Wellington and Isabella had four
children:
Arthur, born 3 Aug 1870 in Port Dover;
Clarence Hugh, born 24 Nov 1872 in Sault Ste.Marie, Canada;
Mary Ann born 16 Oct 1875; and
Matilda Isabella, born 9 Dec 1878 in Indianapolis, Indiana; died
age 2, on 16 May 1881 in Indianapolis.
Mary Ann married John Petterson in 1901 in Princeton, Minnesota.
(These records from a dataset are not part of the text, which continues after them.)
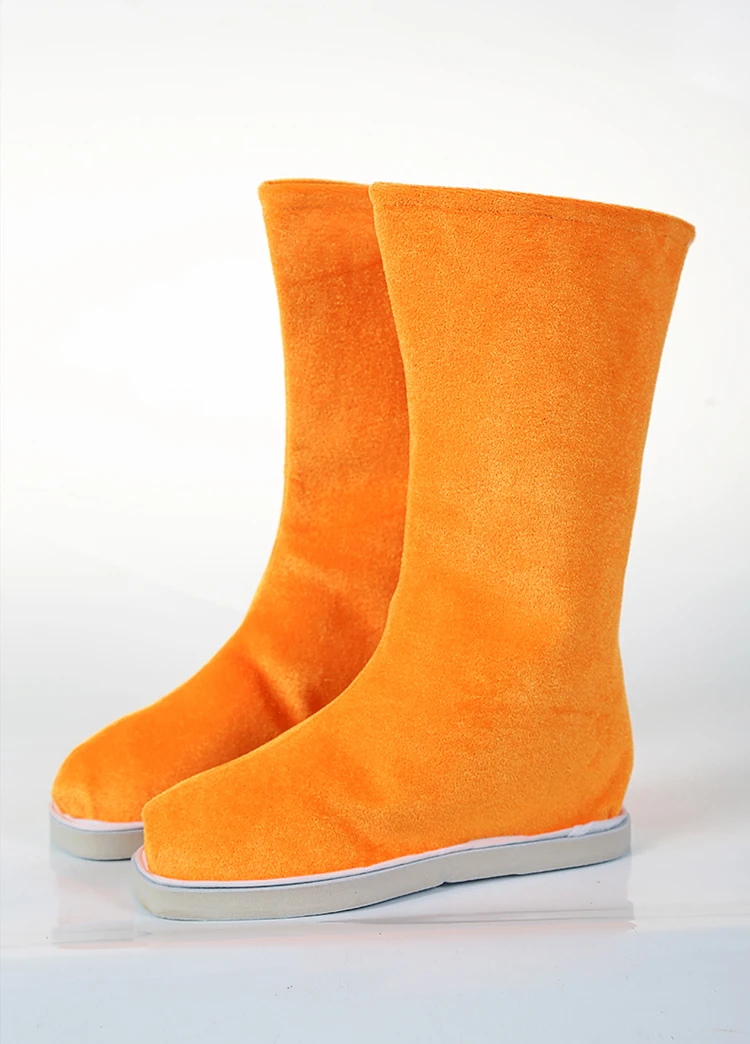 Chinese Traditional Ancient Hanfu Performance Shoes Boots For Adult Kids Peking Opera Folk Dancing Qing Dynasty Accessory Shoes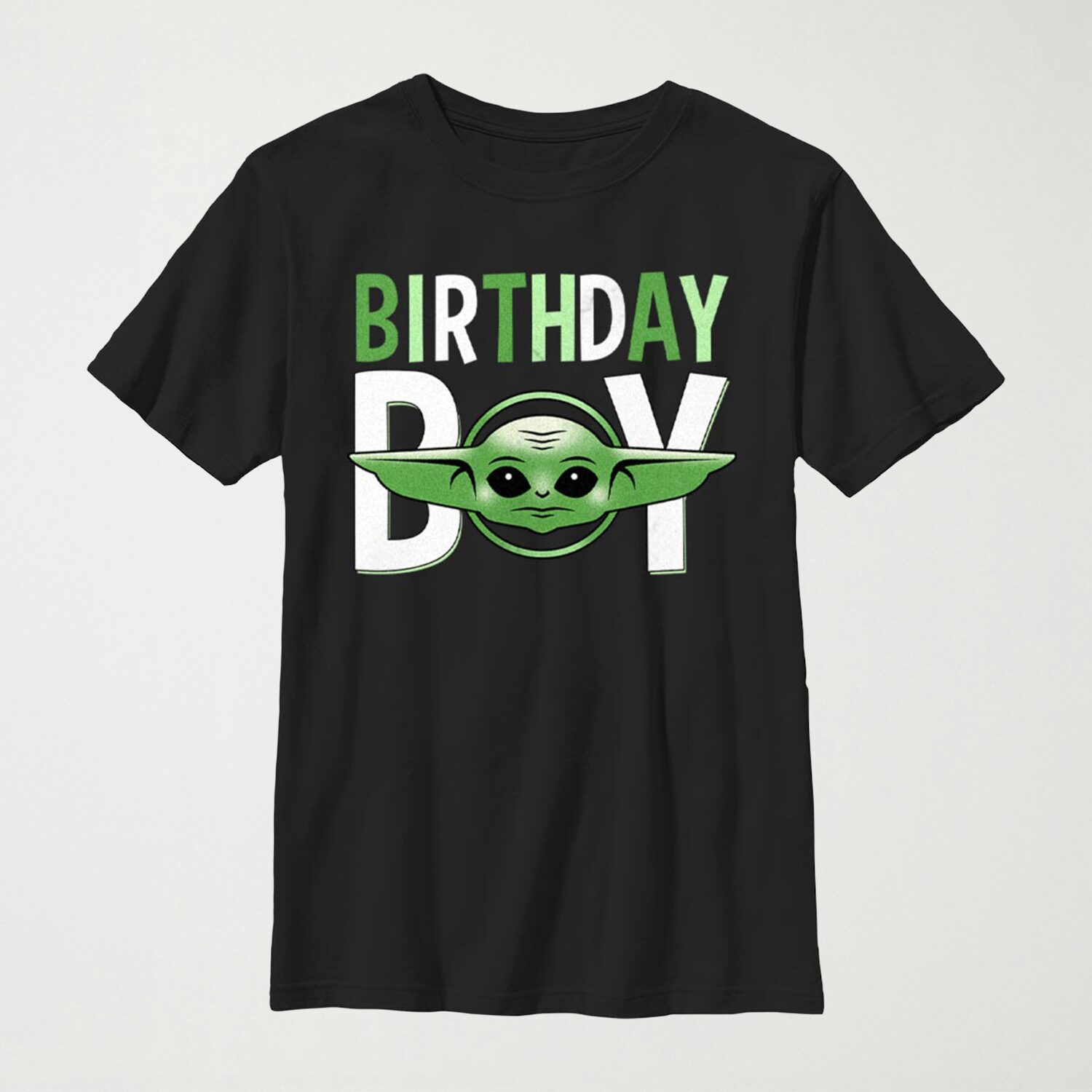 Little & Big Kid Boys Crew Neck Short Sleeve Slim Fit Star Wars Graphic T-Shirt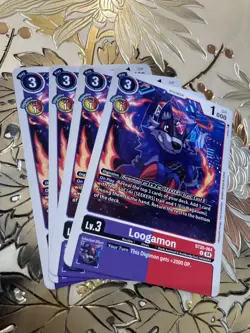 Digimon Card Game Playset Loogamon BT20-064 Release Special Booster 2.5 - Image 1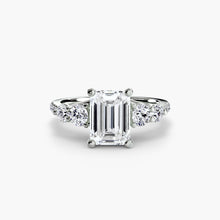 Brilliant Diamond Setting 0.49-ct Gold – back view
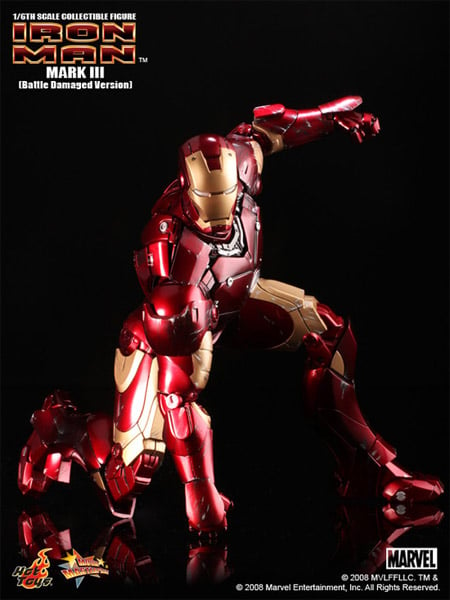 Iron Man: Battle Damage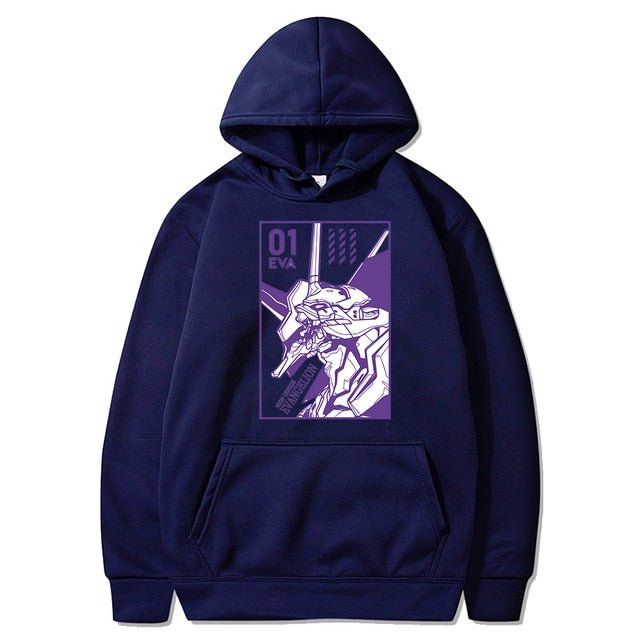 Anime EVA Hoodies - Wamarzon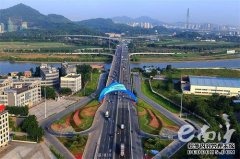 南沙保税区横沥岛建建一条景观带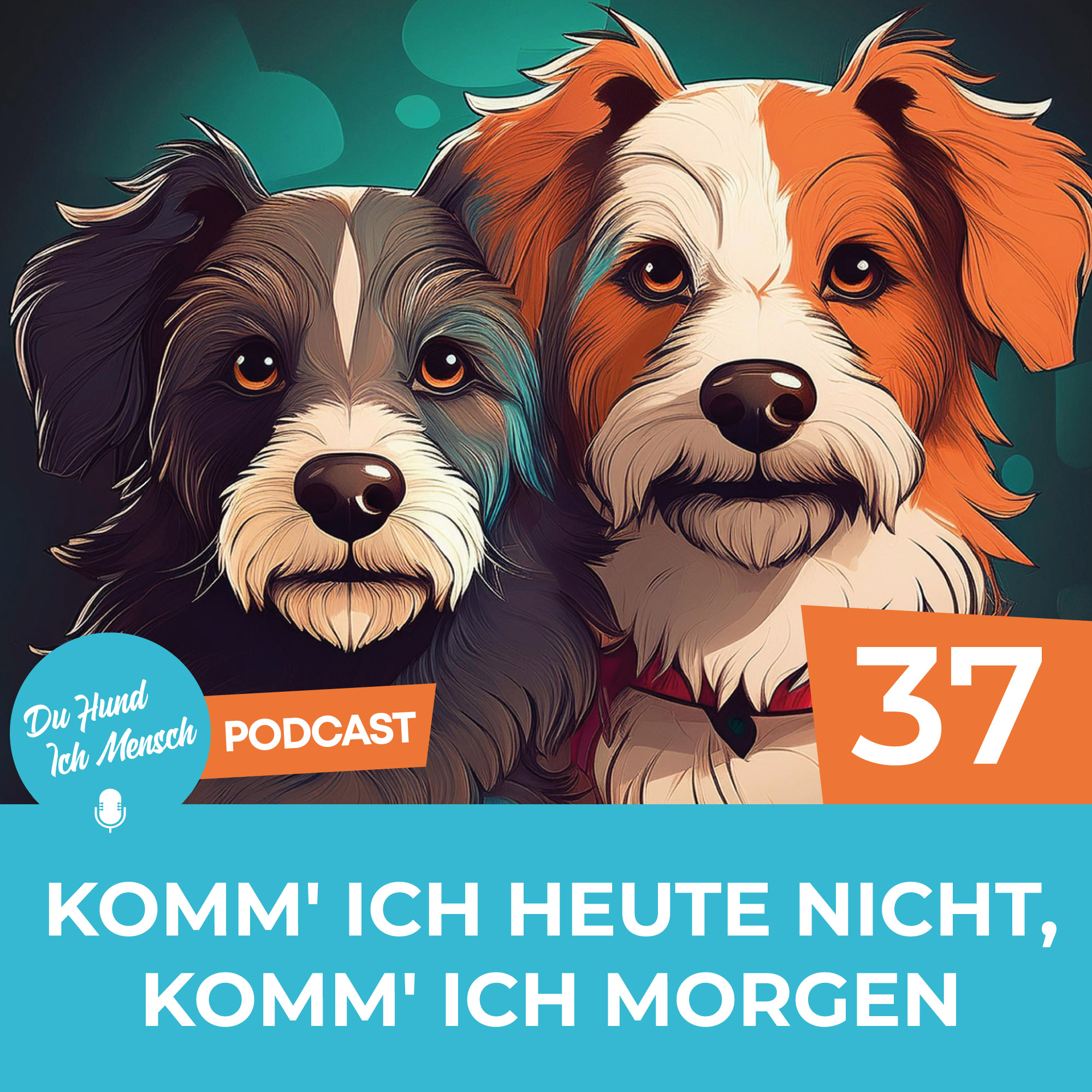 Du Hund - Ich Mensch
Clarence was my grandfather. Neither Arthur nor Mary had children,
though both married.
Isabella and Wellington were
divorced, at her instigation, 11 Feb 1889, in Hennepin County,
Minnesota. (I have the District Court Document.) According to
extant letters from Isabella at the time, the cause was his
alcoholism which sometimes made him violent. She was awarded
custody of the children, although her sons were already
18 and 16 at the time.
-- Susan
Rossberg De Simone of Greenwich, CT
[Compiler's
Comments: Port Dover and Sault Ste. Marie are communities in the
Canadian province of Ontario.]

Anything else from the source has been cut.